It's never been alive on your world before. It never occurred to you to check and see if it wasn't exactly the same as it's counterpart. Why would you ask the ground if it minds being stepped on? Why would you question your right to eat a tomato? And yet, this is scifi, and you never know.
Today's parallel episodes are Watergate from Stargate; SG-1, and 42 from Doctor Who. Before I proceed any further I simply must point out the interesting coincidence that both episode titles rhyme with the show title. Try it. "Watergate - Stargate, 42 - Doctor Who." Fascinating.
42
The TARDIS is thrown off course in response to a distress signal and ends up somewhere in the farthest parts of a cargo ship. Turns out the cargo ship is a sort of illegal fuel harvester, the engines have been sabotaged, and they're heading straight for a nearby sun. The title comes from the fact that they have only 42 minutes before impact with the sun.

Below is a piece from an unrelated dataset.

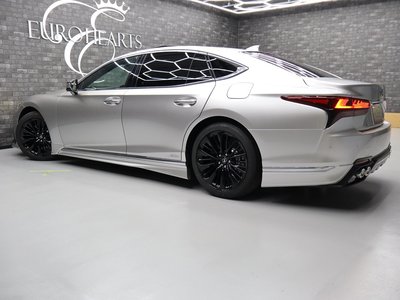 LEXUS LS - 6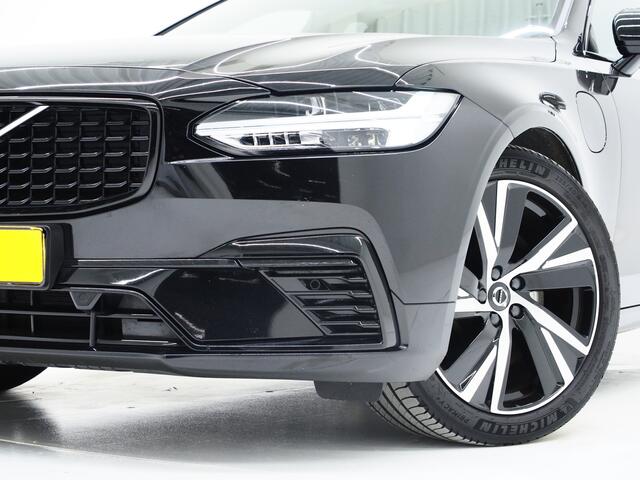 Volvo V90 2.0 T6 Plug-in hybrid AWD Plus Dark Long Range | Pilot Assist | Leder | Harman/Kardon | Trekhaak | Camera | BLIS | Keyless | Carplay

Well, around 32 minutes into this the Doctor has to go outside the space ship and comes back in genuinely terrified. The ship had been harvesting hydrogen from the sun, but guess what? The sun was alive. It's a life form, and they'd hurt it, and it wanted vengeance. Cue all kinds of terrible things to happen for the remaining 12 minutes of the show.
Watergate
The Americans are always our heroes, and they just aren't quite stupid enough for this to happen to them, so suddenly the Russians have a Stargate of their own! And of course, they're the Russians, and they don't know anything, so they call in SG-1 to help them when their gate gets stuck open. They'd found a world that's completely underwater and had build a submarine to explore it, and had brought back a sample of the water for analysis.
When SG-1 arrives on the scene the sample has gone missing and everyone in the base is dead. So they take the sub and go to explore the world to find out why the gate won't close. They get very stuck. Because guess what? The water is alive. The Russians took a sample away, but it's a life form and they hurt it. It wants the sample back, and it holds the sub as hostage until it's returned.
The Parallel: Is it also a coincidence that they deal with Fire and Water? So, in both episodes we had a large, usually non-sentient life form that had part of it taken away and wanted it back. In both there are lives at stake, and in both it happened through an act of stupidity on the part of people who aren't main characters.
What did we learn from these two episodes? Always scan for life before taking anything away from a large usually non-sentient body. As for which one I liked better, it would have to be 42. Because Doctor Who is awesome that way. And a raging sun is a lot more terrifying than relentlessly crushing water.